What I'd like to do is prevent any user account from being added to the "Restricted" group if it is already a member of "Full" and vice versa. I popped into advanced security settings, but didn't see anything that looked like "deny membership" and my Google-fu is weak today.

AD schema is at Windows 2008R2.

Any help is greatly appreciated!

  • Are you talking ~10 service accounts or ~10,000 .... I've never run across a feature like this.. so you are probably looking at a custom script for enforcement... – Daniel Widrick Jun 30 '15 at 17:08
  • I'm skeptical this is possible. Your best bet might be to build a powershell one-liner or script that checks group membership and flags or changes membership to make sure it's exclusive. – Todd Wilcox Jun 30 '15 at 17:17

There isn't built-in functionality in the product to do what you're looking for.

Security groups don't have an ACL mechanism to control which members are added, only who can modify the membership. What you've got is an interesting conundrum. In the filesystem world Dynamic Access Control (DAC) could solve the problem you've got handily, but DAC-like boolean group membership functionality doesn't apply to privileges.

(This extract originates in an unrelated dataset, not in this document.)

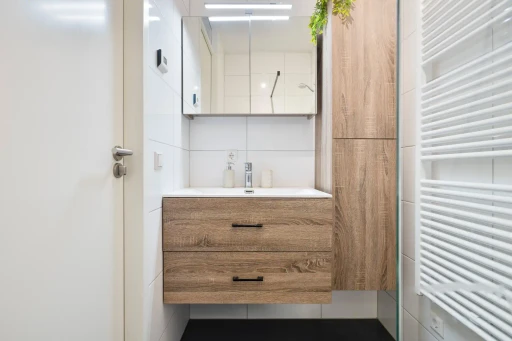 Het houten wastafelmeubel met spiegelkast en een hoge opbergkast in de badkamer.
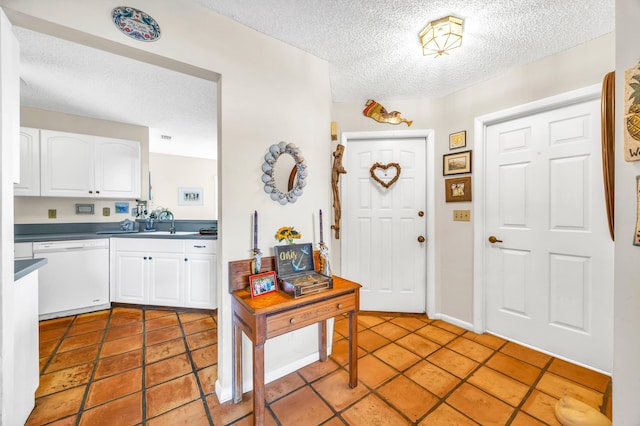 foyer entrance featuring light tile patterned floors, a textured ceiling, and baseboards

Your best bet is going to be to script something, unfortunately. You likely could write a script that receives change notifications to make its operation near-realtime, versus running on a set schedule.

There are bolt-on AD management systems that can do what you're looking for. They work by restricting group membership changes to only the AD management system's security context, forcing you to use the management system itself to perform group membership changes.

You could mock something like that up yourself for this one group, too. You could limit membership changes on your "Restricted" group to a specific security context, then run a script in that context that makes the membership changes.

Is there a good chance, knocking something together yourself like this that you could create vulnerabilities? Yes-- absolutely! Be careful, if you opt to do something like this.